H51U-03
Risk Assessment and Monitoring Techniques for Geological CO2 sequestration 

Friday, 18 December 2015: 08:30
3018 (Moscone West)
Robert M. Dilmore, National Energy Technology Laboratory Pittsburgh, Pittsburgh, PA, United States
Abstract:
The National Risk Assessment Partnership (NRAP) has developed an integrated assessment model (NRAP-IAM-CS) of a carbon storage system that is able to model the full subsurface system from the reservoir to groundwater aquifers and release into the atmosphere. The approach taken uses reduced order models so that systems simulations occur rapidly, even for simulations times of hundreds to thousands of years. In that way, uncertainties of the entire system can be probed in a reasonable time period, using a Monte Carlo approach.

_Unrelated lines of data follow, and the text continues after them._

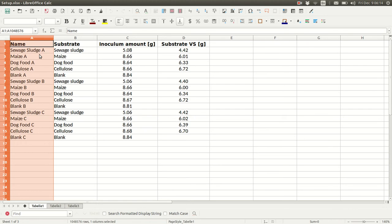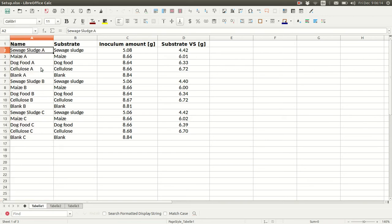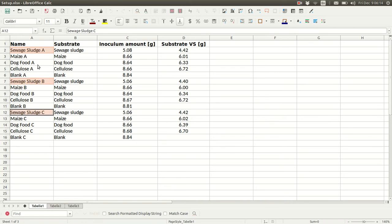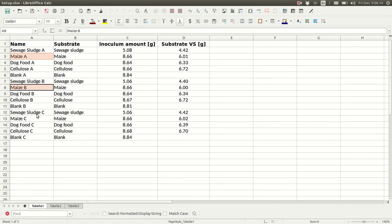Name is used to match these rows with the columns in the biogas file. First thing we need is info on how the bottles should be grouped. Here, all these sewage sludge bottles are grouped together and called sewage sludge. And something similar for maize, dog food, and cellulose. We have a total of four substrates here. And the blanks as well.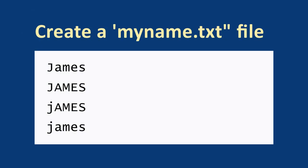Create a text file, myname.txt, contains all possible names.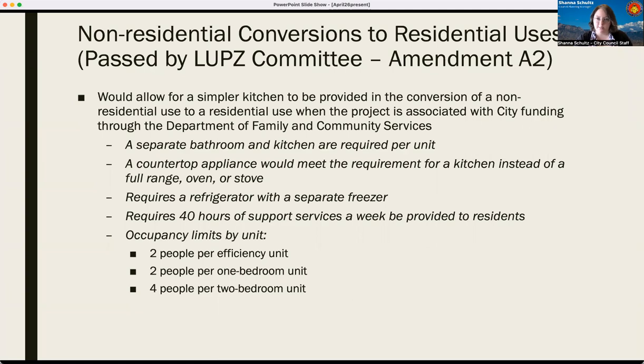Those are the only two amendments I'm going to cover that passed the Land Use Planning and Zoning Committee. The rest of the amendments I'm about to review — and there are 13 of them — will be up for consideration by the City Council on May 2nd at the regularly scheduled 5 PM meeting.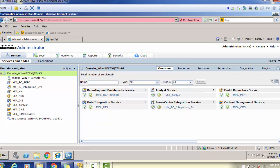The first service is the Reporting and Data Dashboard Service, which manages the dashboard. The Analyst Service helps to run the analyst tool for analyzing data. The MRS Service — Model Repository Service — is used by the developer tool to develop various data quality components. The Data Integration Service helps integrate various components. The PowerCenter Integration Service is used when integrating PowerCenter, which is a separate component, with Informatica Data Quality (IDQ). The Content Management Service helps manage content. These are the major services in Informatica IDQ.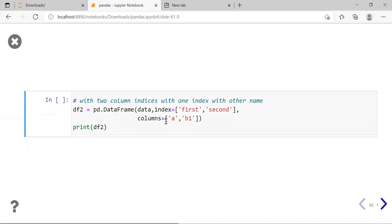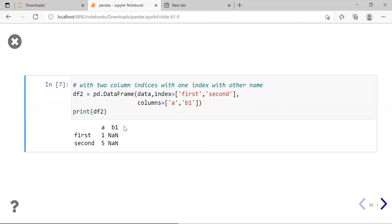What if a column label contains a string that is not available in the list of dictionaries? The key B1 is not available in the dictionary data. So the values for that key will be treated as null or NaN. We create a DataFrame from the list of dictionaries, passing row labels via index equal to ['first', 'second'] and column names via columns equal to [A, B1]. Key A was present in both dictionaries so its values are used. Key B1 is not available in either dictionary, so its values will be empty. Running the cell, you can see for label A the values 1 and 5 were present, but for label B1 nothing was present — therefore it is treated as NaN.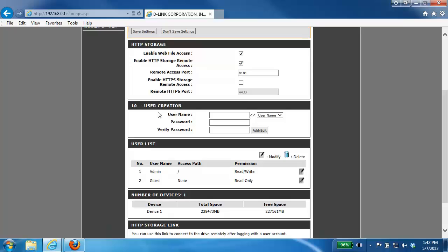Now by default there are two users, one admin account and one guest. The admin has read write access and the guest has read only access.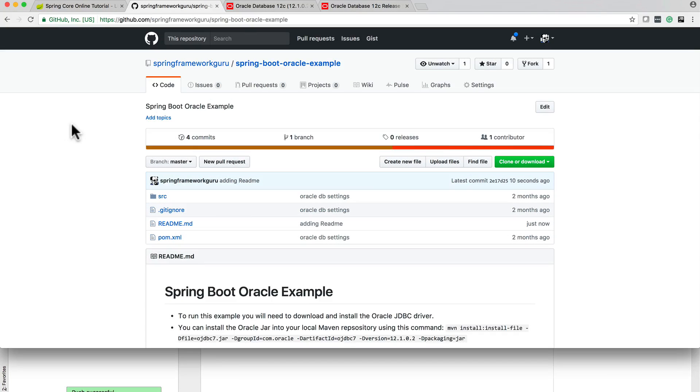I have an example of using Spring Boot with Oracle here. There's a little bit of prep that we need to do for this.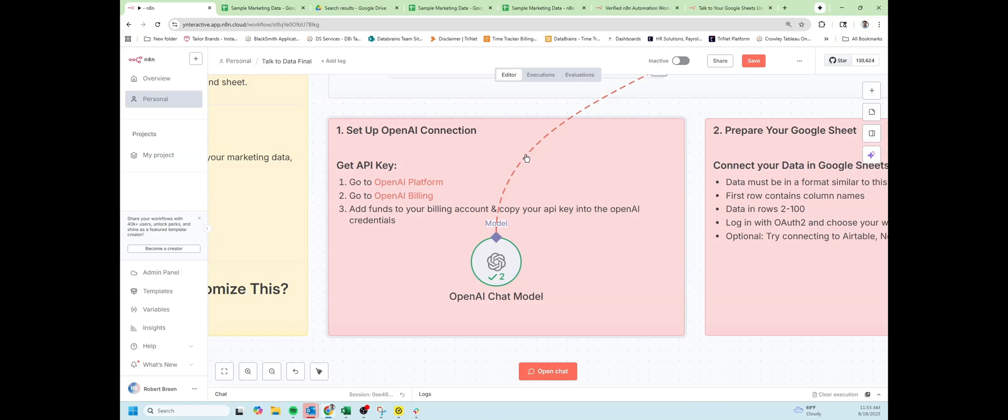Step one is setting up OpenAI. For this talk to your data workflow, we tested more than one model and found that OpenAI GPT-4o was the only one who could actually get the right answer.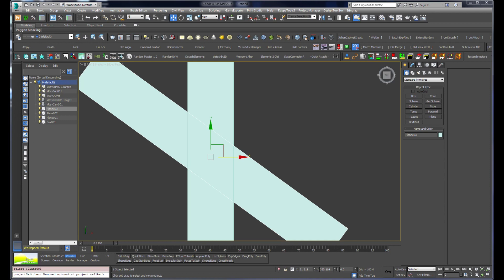Hello, this is a tutorial about creating road lines using the V-Ray Distance X map. This is a response tutorial to a video by Nguyen Ngoc Phuc, if I pronounce his name correctly, who demonstrated this trick with Corona.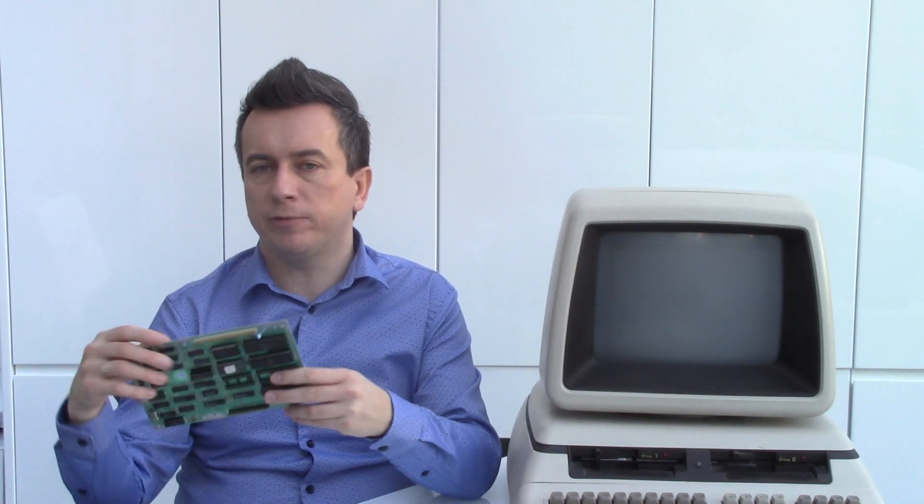In this way, a lot of different MS-DOS compatible computers appeared on the market, just like the Digital Equipment Rainbow or Victor 9000, which was designed by Chuck Pedal. So Commodore wanted to join this market too, and that's what they came up with.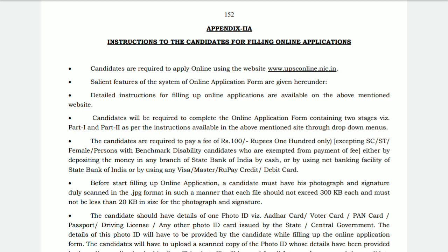Your examination fee is 100 rupees. This fee is exempted for SC/ST candidates, females, and persons with benchmark disability. These categories of candidates do not need to pay the examination fee. All other candidates are required to pay the 100 rupee fee.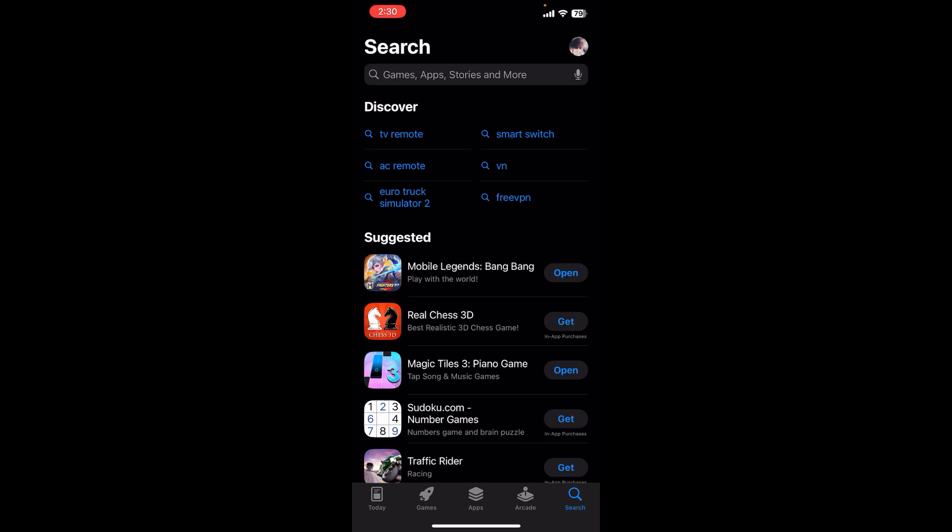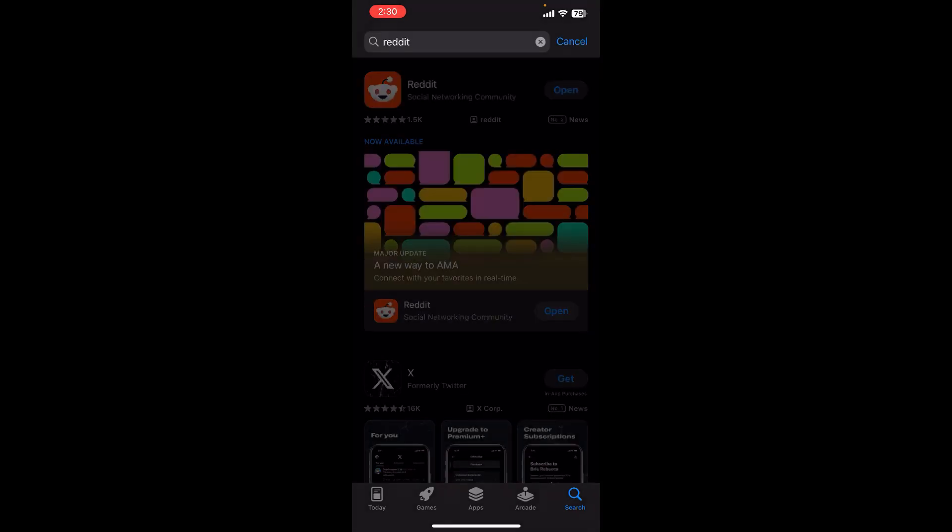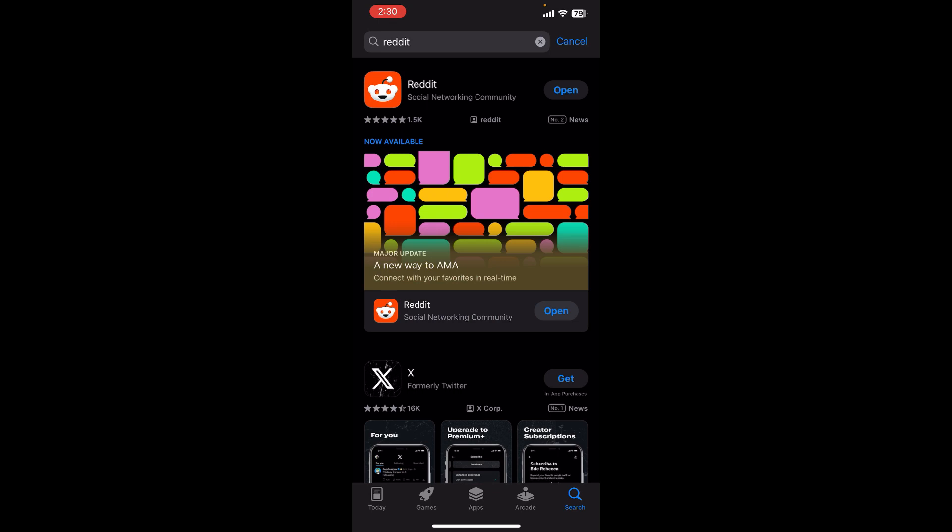First thing first, you need to search for Reddit in App Store or Play Store. Now right after that, you will be able to see an app at top where it's distinguishable by its logo and is developed by Reddit Inc itself.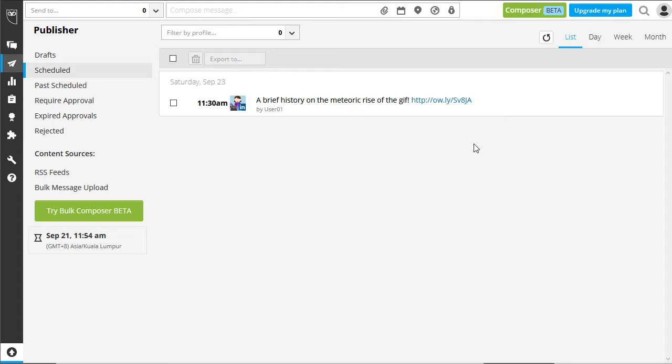Now it's time for you to monitor the impact of your posts and content from all your social network profiles. Head to Analytics on the left side of your screen.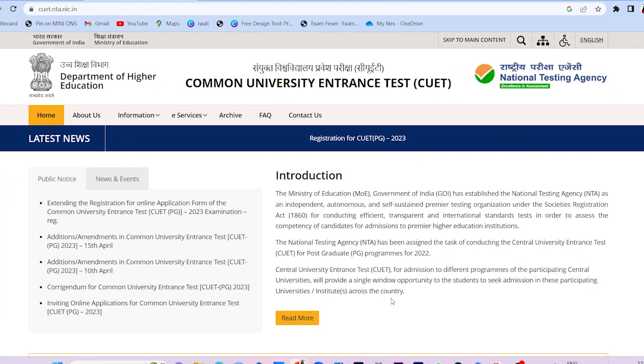Hi everyone, welcome back to my channel. I hope you all are doing good. In this video, I am going to tell you where to download the syllabus from CUET-PG.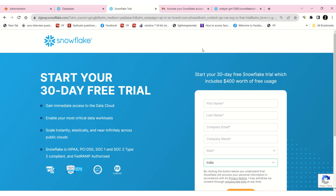Hi guys, how are you? I hope all are doing well. Today in this video I am going to cover how to create a Snowflake connection in IACS.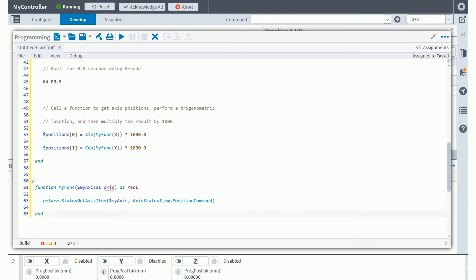This function is defined down below outside of the main programming encapsulation in this special function block. You'll see it's designated by the word function my func. You're passing a variable to the function and you're returning this status get axis item defined by the variable my axis which could be x, y, or z or some other axis and getting the actual status item for the position command. You're using that return value inside of the function above inside of the main program block to actually be how you can compute this mathematical equation in Aeroscript.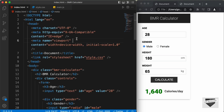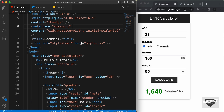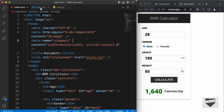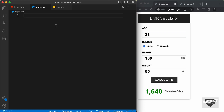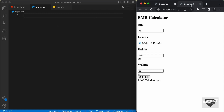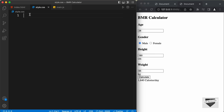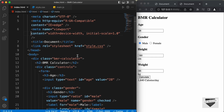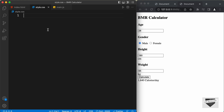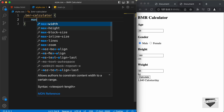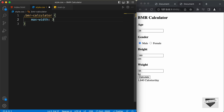Right here, I'm in the source code of our design. We have already linked our CSS file over here. So, let's go to our style.css file and get started with the design. The first thing we will do is style the container division. We have a division with the class of BMR calculator, so let's type .bmrcalculator.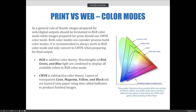As a general rule of thumb, images prepared for web and digital output should be formatted in RGB color mode, while images prepared for print should use CMYK color mode. Both color modes are considered process build color modes. It is recommended to always work in RGB color mode and only convert to CMYK when you're preparing for your final output.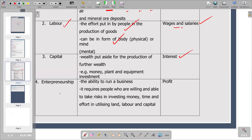Entrepreneurship is the knowledge of operating a business — the know-how of operating the business. It requires people who are willing and able to take risks in investing money, time and effort in utilizing land, labor, and capital. For you to be able to connect all the dots in terms of the other factors of production, you should have the knowledge described by entrepreneurship. The reward for entrepreneurship is profit.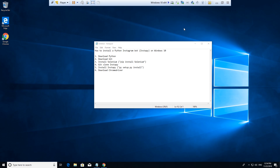All right guys, so today I'm going to show you how to install a Python Instagram bot, or Instapy, on Windows 10. I'm doing this all on a virtual machine, so this process should be very similar to yours if you have not downloaded Python or if you're very unfamiliar with doing the installs and the package installs.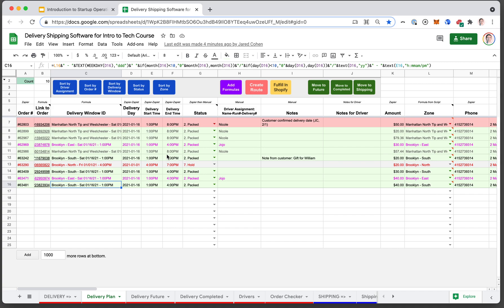As you can see here, this is our order management system. We have all the orders that we get in, and here we have these different buttons that serve different purposes.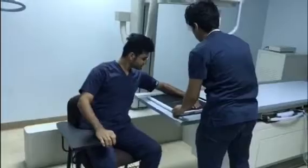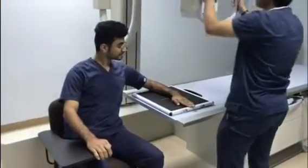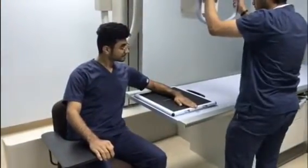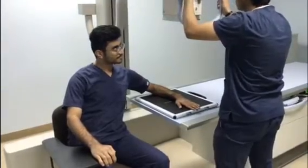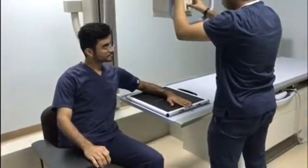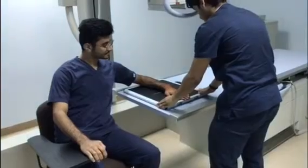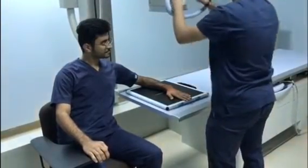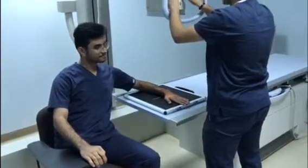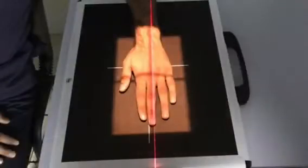The specialist demonstrates the anterior-posterior projection for the patient, adjusting the collimation to fit the perimeter of the hand to avoid cutting in the image. The central ray for the anterior-posterior projection is at the third metacarpophalangeal joint.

The model presented here uses third generation NRAP ROMs that are able to realistically represent several key properties of reservoirs, wells, seals, and groundwater aquifers. Results from the NRAP-IAM-CS model are used to quantify risk profiles for selected parameter distributions of reservoir properties, seal properties, numbers of wells, well properties, thief zones, and groundwater aquifer properties. A series of risk profiles show how the risk under different storage conditions evolves over time, both during injection, in the near-term post injection period, and over the long term. In this study, the NRAP-IAM-CS was also used to investigate the importance of different parameters across the system on risk of leakage and risk of groundwater contamination, under different storage conditions.